Recorded data START
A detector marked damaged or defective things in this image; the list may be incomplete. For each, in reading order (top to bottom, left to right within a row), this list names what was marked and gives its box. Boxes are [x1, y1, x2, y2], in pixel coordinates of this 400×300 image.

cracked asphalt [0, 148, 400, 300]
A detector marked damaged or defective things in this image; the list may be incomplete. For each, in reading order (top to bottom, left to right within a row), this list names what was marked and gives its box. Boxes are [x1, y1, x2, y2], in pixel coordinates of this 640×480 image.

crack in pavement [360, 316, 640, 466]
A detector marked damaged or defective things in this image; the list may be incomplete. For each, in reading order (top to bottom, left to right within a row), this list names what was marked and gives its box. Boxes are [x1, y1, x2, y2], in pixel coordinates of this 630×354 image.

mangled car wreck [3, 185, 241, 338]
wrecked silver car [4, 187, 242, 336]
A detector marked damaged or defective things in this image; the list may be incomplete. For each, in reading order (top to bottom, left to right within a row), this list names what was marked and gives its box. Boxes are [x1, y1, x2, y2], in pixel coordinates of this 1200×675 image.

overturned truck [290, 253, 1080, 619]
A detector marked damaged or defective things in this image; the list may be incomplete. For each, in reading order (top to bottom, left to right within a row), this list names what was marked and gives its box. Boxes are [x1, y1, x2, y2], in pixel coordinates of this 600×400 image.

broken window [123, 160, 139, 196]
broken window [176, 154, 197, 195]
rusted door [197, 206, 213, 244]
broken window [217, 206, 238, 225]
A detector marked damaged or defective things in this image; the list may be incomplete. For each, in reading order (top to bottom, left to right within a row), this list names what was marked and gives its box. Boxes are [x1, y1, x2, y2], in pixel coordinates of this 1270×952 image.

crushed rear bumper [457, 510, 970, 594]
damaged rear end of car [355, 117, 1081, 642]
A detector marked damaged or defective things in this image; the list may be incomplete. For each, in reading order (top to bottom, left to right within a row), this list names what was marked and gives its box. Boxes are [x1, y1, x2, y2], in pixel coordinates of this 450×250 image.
Recorded data END
-- Problem to solve --
Write down only the closing run of lines: the one containing "this 600×400 image." and every line after it to the end of the entries, exactly.

-- Task output --
A detector marked damaged or defective things in this image; the list may be incomplete. For each, in reading order (top to bottom, left to right within a row), this list names what was marked and gives its box. Boxes are [x1, y1, x2, y2], in pixel coordinates of this 600×400 image.

broken window [123, 160, 139, 196]
broken window [176, 154, 197, 195]
rusted door [197, 206, 213, 244]
broken window [217, 206, 238, 225]
A detector marked damaged or defective things in this image; the list may be incomplete. For each, in reading order (top to bottom, left to right within a row), this list names what was marked and gives its box. Boxes are [x1, y1, x2, y2], in pixel coordinates of this 1270×952 image.

crushed rear bumper [457, 510, 970, 594]
damaged rear end of car [355, 117, 1081, 642]
A detector marked damaged or defective things in this image; the list may be incomplete. For each, in reading order (top to bottom, left to right within a row), this list names what was marked and gives its box. Boxes are [x1, y1, x2, y2], in pixel coordinates of this 450×250 image.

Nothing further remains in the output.